==== TASK INPUTS ====

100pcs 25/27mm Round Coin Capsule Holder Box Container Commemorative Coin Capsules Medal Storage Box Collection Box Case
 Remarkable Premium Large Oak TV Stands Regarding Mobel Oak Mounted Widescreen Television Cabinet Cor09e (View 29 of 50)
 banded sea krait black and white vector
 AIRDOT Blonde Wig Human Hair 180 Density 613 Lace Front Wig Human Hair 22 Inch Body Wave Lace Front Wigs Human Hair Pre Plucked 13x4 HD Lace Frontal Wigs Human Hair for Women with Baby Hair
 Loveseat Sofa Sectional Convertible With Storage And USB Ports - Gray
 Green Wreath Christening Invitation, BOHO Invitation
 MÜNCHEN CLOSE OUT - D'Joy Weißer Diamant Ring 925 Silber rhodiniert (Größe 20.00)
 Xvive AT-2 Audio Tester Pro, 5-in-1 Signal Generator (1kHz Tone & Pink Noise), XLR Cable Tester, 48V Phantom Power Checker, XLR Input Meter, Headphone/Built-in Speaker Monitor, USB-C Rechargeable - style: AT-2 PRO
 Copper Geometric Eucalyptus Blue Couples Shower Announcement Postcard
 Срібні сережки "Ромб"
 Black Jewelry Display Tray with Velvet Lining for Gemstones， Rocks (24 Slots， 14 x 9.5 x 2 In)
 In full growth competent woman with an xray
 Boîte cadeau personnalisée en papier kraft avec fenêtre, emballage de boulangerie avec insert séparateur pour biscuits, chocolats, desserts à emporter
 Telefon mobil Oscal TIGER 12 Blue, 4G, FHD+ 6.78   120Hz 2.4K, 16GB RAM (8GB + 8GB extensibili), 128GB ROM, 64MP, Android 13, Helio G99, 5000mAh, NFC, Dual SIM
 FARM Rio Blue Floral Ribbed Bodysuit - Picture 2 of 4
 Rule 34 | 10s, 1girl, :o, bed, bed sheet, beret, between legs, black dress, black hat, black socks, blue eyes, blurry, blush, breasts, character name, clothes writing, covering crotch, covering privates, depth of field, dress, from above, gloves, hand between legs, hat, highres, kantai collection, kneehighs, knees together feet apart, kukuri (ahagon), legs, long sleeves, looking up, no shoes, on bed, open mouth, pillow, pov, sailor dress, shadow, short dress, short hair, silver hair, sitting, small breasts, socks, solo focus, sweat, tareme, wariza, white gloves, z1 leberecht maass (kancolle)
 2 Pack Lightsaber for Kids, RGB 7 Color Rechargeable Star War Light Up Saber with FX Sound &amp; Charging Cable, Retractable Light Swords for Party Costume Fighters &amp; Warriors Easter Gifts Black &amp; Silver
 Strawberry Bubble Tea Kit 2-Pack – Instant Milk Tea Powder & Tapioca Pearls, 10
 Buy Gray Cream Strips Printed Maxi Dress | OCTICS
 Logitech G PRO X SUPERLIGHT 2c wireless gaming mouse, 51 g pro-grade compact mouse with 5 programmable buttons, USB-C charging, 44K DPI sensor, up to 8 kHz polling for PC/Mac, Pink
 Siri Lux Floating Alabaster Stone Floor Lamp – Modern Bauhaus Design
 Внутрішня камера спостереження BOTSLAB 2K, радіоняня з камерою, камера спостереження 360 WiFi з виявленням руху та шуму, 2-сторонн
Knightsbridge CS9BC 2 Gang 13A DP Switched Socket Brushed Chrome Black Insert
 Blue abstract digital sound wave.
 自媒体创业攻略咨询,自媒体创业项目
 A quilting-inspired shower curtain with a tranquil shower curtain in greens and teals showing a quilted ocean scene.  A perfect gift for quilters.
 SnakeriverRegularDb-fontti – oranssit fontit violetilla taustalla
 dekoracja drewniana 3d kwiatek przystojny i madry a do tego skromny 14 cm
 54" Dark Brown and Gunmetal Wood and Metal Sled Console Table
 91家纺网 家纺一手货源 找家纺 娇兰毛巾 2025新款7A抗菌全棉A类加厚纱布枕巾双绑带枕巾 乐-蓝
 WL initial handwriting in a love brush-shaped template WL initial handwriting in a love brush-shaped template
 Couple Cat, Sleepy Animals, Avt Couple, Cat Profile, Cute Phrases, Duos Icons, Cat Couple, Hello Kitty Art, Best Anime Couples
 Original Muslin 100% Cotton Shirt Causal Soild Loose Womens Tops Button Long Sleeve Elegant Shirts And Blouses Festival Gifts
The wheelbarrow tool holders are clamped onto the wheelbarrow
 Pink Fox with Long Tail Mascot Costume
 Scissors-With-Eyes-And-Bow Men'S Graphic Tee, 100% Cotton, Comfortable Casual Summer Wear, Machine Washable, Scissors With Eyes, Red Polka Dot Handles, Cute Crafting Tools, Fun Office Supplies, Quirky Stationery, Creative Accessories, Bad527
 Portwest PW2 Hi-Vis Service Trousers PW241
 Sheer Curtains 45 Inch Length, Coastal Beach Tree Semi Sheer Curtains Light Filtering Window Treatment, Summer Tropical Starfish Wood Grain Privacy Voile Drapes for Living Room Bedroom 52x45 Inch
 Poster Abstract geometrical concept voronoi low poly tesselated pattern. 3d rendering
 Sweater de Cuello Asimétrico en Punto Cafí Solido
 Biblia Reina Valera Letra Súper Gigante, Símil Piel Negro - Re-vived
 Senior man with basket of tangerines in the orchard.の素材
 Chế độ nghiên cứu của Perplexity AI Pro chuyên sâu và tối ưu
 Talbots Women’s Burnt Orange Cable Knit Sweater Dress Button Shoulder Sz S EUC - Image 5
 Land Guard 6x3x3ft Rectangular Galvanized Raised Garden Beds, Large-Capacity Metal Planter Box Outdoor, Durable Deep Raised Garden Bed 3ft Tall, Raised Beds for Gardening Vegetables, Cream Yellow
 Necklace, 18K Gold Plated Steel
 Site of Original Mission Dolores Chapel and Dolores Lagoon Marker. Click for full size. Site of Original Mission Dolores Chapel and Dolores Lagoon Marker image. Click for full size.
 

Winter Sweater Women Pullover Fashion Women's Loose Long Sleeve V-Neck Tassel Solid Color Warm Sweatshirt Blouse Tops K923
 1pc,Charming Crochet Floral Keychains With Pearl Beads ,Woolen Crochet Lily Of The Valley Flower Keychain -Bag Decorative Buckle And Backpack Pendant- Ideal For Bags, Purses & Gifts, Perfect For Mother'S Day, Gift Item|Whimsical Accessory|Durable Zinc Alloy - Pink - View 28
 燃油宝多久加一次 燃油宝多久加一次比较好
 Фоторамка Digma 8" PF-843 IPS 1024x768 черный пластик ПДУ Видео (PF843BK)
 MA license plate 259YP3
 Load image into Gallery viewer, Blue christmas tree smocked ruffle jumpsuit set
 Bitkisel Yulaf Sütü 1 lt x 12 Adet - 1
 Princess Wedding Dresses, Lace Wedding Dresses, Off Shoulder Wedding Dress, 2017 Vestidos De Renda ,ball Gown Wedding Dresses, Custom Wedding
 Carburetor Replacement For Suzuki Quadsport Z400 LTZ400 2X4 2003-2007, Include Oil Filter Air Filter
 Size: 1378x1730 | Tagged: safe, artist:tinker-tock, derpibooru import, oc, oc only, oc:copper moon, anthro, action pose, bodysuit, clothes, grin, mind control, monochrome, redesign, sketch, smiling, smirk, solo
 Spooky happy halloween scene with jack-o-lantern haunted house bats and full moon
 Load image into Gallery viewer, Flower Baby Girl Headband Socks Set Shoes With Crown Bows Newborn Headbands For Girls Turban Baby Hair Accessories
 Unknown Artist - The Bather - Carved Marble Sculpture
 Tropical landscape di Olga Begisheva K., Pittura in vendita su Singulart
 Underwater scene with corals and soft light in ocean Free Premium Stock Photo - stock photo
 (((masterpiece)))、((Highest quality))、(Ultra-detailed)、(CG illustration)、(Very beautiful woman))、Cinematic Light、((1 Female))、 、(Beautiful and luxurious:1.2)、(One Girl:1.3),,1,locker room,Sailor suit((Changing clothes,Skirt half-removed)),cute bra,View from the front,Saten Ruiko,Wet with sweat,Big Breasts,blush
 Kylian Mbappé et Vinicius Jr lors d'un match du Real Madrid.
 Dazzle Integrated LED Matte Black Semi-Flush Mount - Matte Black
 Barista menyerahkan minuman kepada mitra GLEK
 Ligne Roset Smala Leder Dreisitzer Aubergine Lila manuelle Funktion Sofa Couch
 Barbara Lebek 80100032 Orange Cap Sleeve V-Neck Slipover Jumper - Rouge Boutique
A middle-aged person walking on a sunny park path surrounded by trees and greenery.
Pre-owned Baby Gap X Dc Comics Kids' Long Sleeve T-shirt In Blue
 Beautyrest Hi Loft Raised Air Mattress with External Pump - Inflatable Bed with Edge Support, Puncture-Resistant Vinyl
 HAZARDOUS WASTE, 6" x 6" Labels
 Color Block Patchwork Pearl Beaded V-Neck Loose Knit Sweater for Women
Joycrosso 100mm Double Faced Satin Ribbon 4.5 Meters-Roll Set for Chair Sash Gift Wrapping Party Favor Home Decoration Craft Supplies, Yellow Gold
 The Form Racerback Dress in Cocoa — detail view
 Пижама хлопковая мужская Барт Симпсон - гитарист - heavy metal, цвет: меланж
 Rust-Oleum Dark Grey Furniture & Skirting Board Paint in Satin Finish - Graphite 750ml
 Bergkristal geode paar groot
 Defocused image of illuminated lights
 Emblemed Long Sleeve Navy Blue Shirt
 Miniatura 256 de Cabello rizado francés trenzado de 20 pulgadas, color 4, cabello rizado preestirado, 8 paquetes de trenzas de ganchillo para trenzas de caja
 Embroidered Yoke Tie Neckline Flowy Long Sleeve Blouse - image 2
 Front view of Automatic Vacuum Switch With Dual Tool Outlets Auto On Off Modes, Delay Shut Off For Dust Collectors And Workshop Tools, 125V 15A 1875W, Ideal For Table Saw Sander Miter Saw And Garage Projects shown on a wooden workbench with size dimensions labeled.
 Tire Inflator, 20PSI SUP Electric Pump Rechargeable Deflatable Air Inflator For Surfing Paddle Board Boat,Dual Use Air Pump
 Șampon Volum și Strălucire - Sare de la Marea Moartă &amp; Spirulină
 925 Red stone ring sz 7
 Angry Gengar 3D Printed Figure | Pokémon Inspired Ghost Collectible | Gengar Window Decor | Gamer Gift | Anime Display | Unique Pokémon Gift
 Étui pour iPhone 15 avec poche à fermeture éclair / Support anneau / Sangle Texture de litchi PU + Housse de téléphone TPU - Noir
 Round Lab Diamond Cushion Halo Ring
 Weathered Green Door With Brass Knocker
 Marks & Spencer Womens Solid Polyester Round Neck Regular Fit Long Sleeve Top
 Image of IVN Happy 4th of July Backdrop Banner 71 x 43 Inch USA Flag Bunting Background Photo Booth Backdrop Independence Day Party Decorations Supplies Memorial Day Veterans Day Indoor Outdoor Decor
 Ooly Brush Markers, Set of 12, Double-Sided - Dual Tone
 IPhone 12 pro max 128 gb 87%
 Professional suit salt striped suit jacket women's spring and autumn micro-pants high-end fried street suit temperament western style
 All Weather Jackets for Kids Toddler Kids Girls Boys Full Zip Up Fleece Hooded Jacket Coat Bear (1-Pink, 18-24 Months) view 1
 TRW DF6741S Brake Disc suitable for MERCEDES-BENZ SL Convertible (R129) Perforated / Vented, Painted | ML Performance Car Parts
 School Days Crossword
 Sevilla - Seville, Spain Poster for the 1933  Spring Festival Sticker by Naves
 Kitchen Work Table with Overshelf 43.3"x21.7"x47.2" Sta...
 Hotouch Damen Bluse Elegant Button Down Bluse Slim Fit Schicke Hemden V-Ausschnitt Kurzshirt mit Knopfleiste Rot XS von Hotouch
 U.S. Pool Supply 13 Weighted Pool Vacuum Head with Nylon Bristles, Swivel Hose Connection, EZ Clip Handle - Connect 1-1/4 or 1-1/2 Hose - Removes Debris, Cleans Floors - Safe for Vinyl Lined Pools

====

PROBLEM STATEMENT » Say how many of the lines above include the string "Vinyl", and give no other words.

RESPONSE TO THE EXERCISE » 2